The rest of this article is organized as follows. Section 2 reviews related work. Section 3 describes a formulaic language identification model based on GCN fusing associated information, including basic feature extraction module, feature extraction module fusing associated information and label representation module. Section 4 verifies the effectiveness of the model through experimental analysis. Section 5 summarizes the work of this article and tells the shortcomings and future research directions.

Related Works

At present, the research on formulaic language is either descriptive research based on the corpus or confirmatory research for language acquisition. There are very little researches related to the recognition of formulaic language. In fact, formulaic language recognition is the basis of applied research on formulaic language (Yu, 2019). However, manually recognizing formulaic language consumes many human resources and material resources, and the recognition efficiency is low. In order to improve efficiency, many scholars have carried out a series of research work on automatic recognition methods.
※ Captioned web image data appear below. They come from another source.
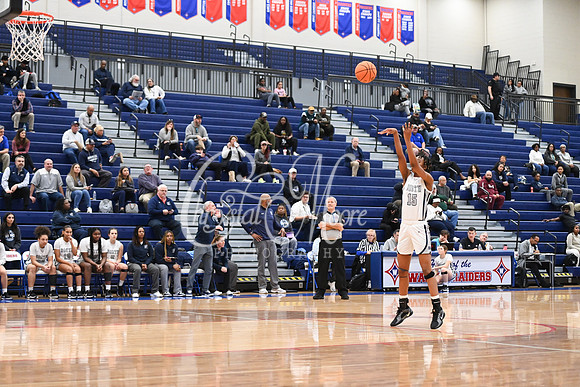 6A Marietta vs 6A North Paulding during Region 5 semi-finals girls basketball tournament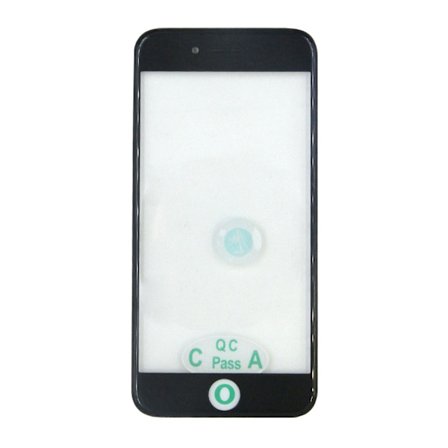 iPhone 6 Glas med OCA-film - Svart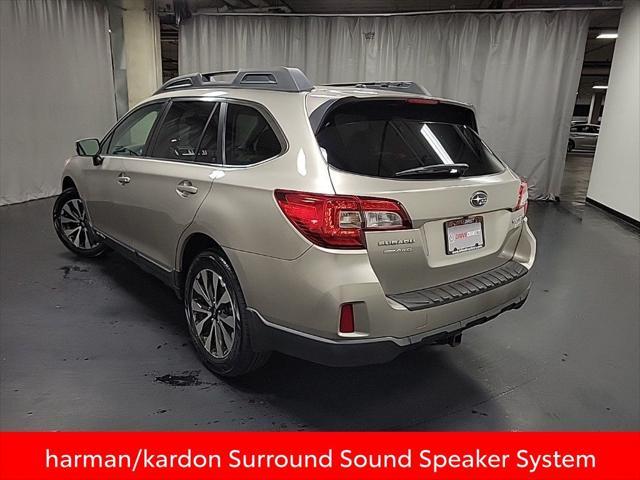 used 2015 Subaru Outback car, priced at $14,500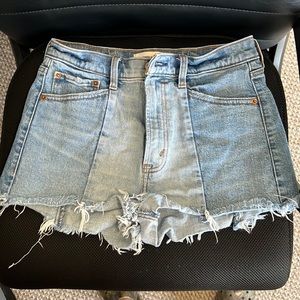 Abercrombie Mom Shorts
Formulaic language identification mainly adopts statistics-based method, rule-based method, machine learning method and deep learning method. Statistics-based recognition methods mainly use corpus technology to extract target word bundles from the corpus according to pre-set frequency and distribution standards. In the recognition standard, commonly used corpus parameters include frequency, Mutual Information, t-value, dispersion rate, criticality, etc. (Li, 2012). The corpus parameter used by Pecina is the phrase frequency, which judges whether several words can form a formulaic language by the frequency of co-occurrence of words (Pecina, 2009). However, if the frequency is used as the only criterion to identify formulaic language, it will ignore some formulaic language composed of low-frequency words with clear textual function, but extract too many phrases composed of high-frequency words without clear textual function. On this basis, the corpus parameters adopted by Li include not only the frequency but also the mutual information value (Lei & Liu, 2018).

Different from the statistical recognition method, the rule-based recognition method sets some part-of-speech and syntactic rules in advance to extract formulaic language (Kirilin, Krauss & Versley, 2016). Iwatsuki, Boudin & Aizawa (2020) believe that a sentence is composed of a formulaic part and an unformulated part, so they proposed to use named entities and dependent structures to remove the unformulated part of the sentence, and the rest is the formulaic part. At the same time, string matching and regular expressions can also be used to identify formulaic language (Durrant & Mathews-Aydnl, 2011). Through multiple linear regression analysis, Wahl (2019) found that the number of rules is positively correlated with the types of recognized formulaic language. The more rules are made, the more types of formulaic language are recognized. However, our rules cannot contain all formulaic language, so the rule-based recognition method is very limited.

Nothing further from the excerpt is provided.